In a society as stratified as India’s, meaningful and affordable education is the gateway to social mobility and economic equity. Hence, everyone, irrespective of his/her socio-economic background, should be able to avail herself/himself of affordable education on equitable terms. Obviously, it is incumbent on the state to ensure equality of opportunity. It is an undeniable reality that high quality and meaningful education is not guaranteed as a public good in India. This leads to a situation where one’s position on the socio-economic ladder of privilege and the accident of birth predicates his/her educational and professional attainments.
At what cost?
While public outrage may have tilted the scale in the entrance test controversy, far more exclusionary steps that failed to catch the public eye were taken by NLSIU in the recent past. The university rolled back its scholarship policy recently. The administration turned a voluntary repayment clause on its head to treat the entire model as a loan instrument. The university declared the majority of these loans as “bad debts”, citing poor re-payments, without making sincere efforts to recover them and conveniently ignoring the fact that most beneficiaries are yet to enter the job market. This step, taken unabashedly in the middle of a recession, reflected base apathy towards prospective aspirants. In post-truth fashion, the university now seems to have redefined the word “scholarship” itself, while still using the term in its entrance notification. What it actually stands for now is just covering interest payments on externally provided student loans. To replace a benign scholarship policy with onerous bank loans does not merely erect a formidable barrier on aspirants but also risks increasing dropout rates.
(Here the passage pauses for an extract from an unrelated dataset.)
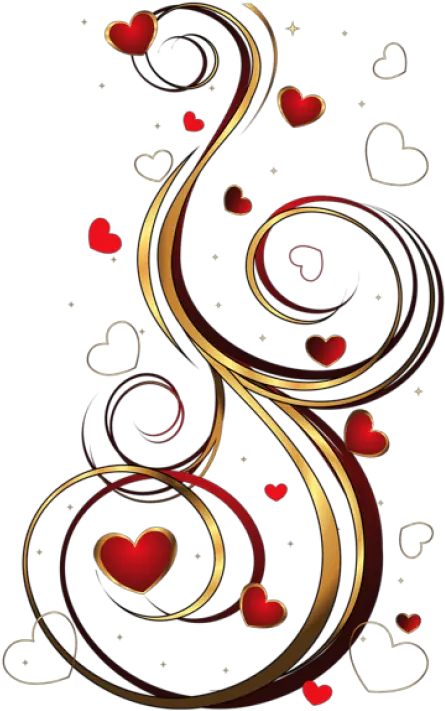 Download Transparent Red And Gold Hearts Ornament Png Red And Gold Ornaments Transparent Background Ornament Png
The attitude towards current students has been no different. The same fee notification announcing the scholarship policy withdrawal applied to current beneficiaries and advised them to approach banks for loan. The administration also refused to refund any other service fees except nominal mess charges to current students, even after a six-month break in on-campus classes. One convenient “relief” offered in the fee notification was an “option” to take a “gap year”, betraying the university’s real attitude towards its financially weaker students.
Barriers to entry
Historically, legal education in India has remained unfeasible for aspiring youth hailing from the lower strata of society. The country’s legal community, including the judiciary, has for long been marked by nepotism and a lack of diversity. A diverse and well-organised legal profession is essential for the administration of justice, and the quality of a profession always depends on the quality of its members and that of the training imparted to them. Thus, by making law a viable career option, NLUs have played a vital role in allowing first-generation lawyers to come up in recent times. Surveys indicate a healthy rise in students from tier-2 and tier-3 towns, lower-income groups and marginalised backgrounds making it to the universities. Nevertheless, the recent protests raise serious questions about the ability of the current regime of National Law Schools in achieving their fundamental objective.
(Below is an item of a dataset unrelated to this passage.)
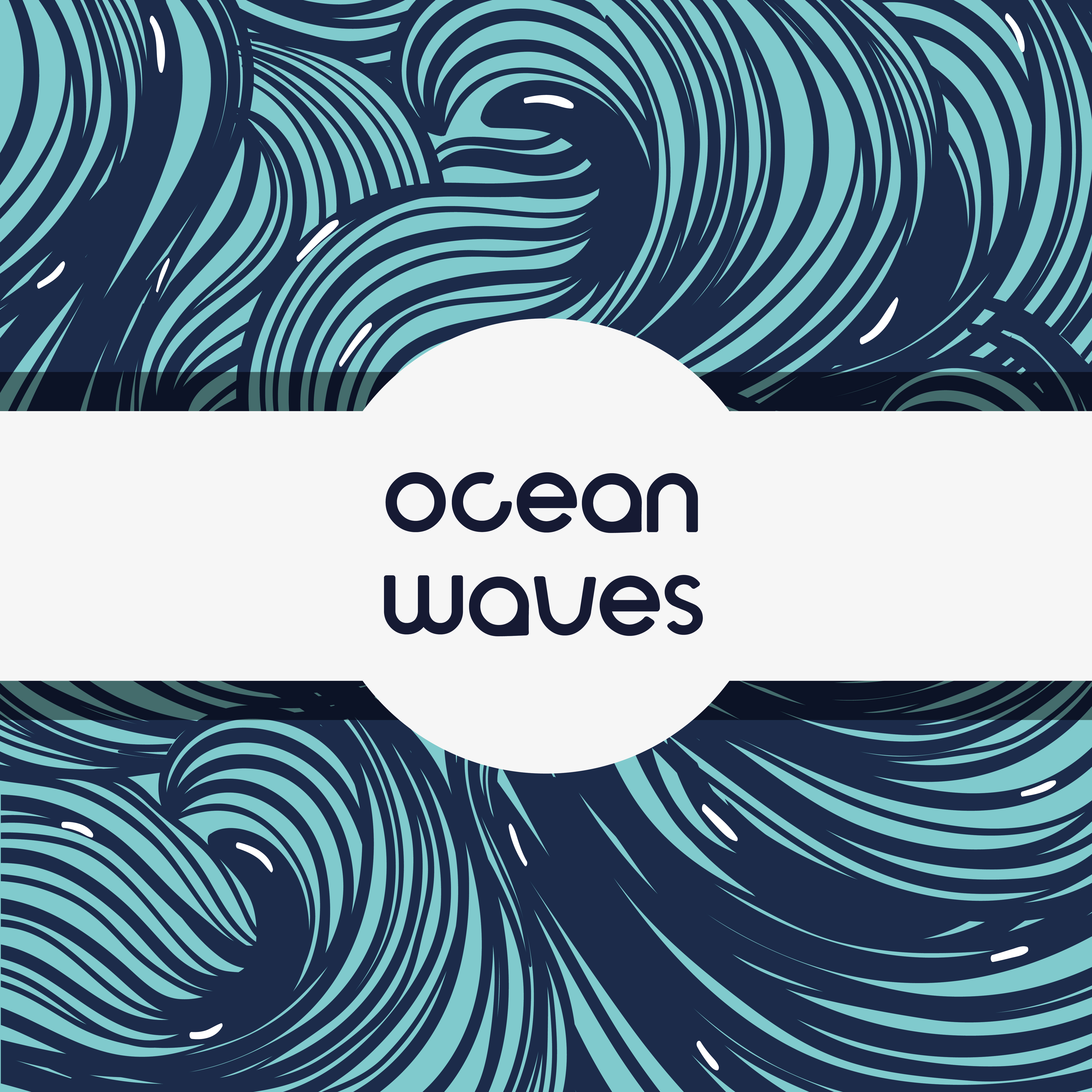 Download natural ocean waves background design - Download Free ...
Most NLUs are characterised by poor infrastructure, lack of qualified faculty, administrative irregularities and exorbitant fees. As government support decreases, the universities are shifting the burden to students. This has disproportionately affected those funding their education through scholarships and student loans, jeopardising their future and also that of new aspirants. This year, the Karnataka government reduced NLSIU funding to a mere Rs.50 lakh. To place this in context, each student pays about Rs.2.7 lakh as annual fees. Nationwide, legal education now costs Rs.13-18 lakh in all, against about Rs.5 lakh that students pay in the Indian Institutes of Technology (IITs.)
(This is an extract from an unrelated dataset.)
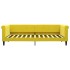 Sofá cama nido terciopelo amarillo 90x200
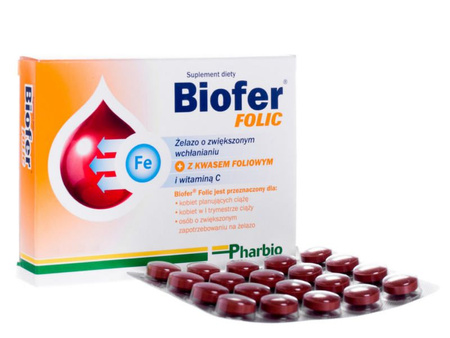 Biofer Folic 60 tabletek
Socio-economic diversity and inclusion are critical to the creation of a holistic environment for legal education. This in turn ensures equitable access to justice and representation in law and policy formulation. Unfortunately, the current student composition in most NLUs leaves much to be desired: it lacks diversity and mainly comprises students educated in English-medium schools from upper or middle-class families. The numbers from rural areas, small towns or non-English medium schools are deplorably low. The composition clearly suffers from under-representation of the economically and socially backward classes, minority religious groups, minority ethnicities and physically challenged students.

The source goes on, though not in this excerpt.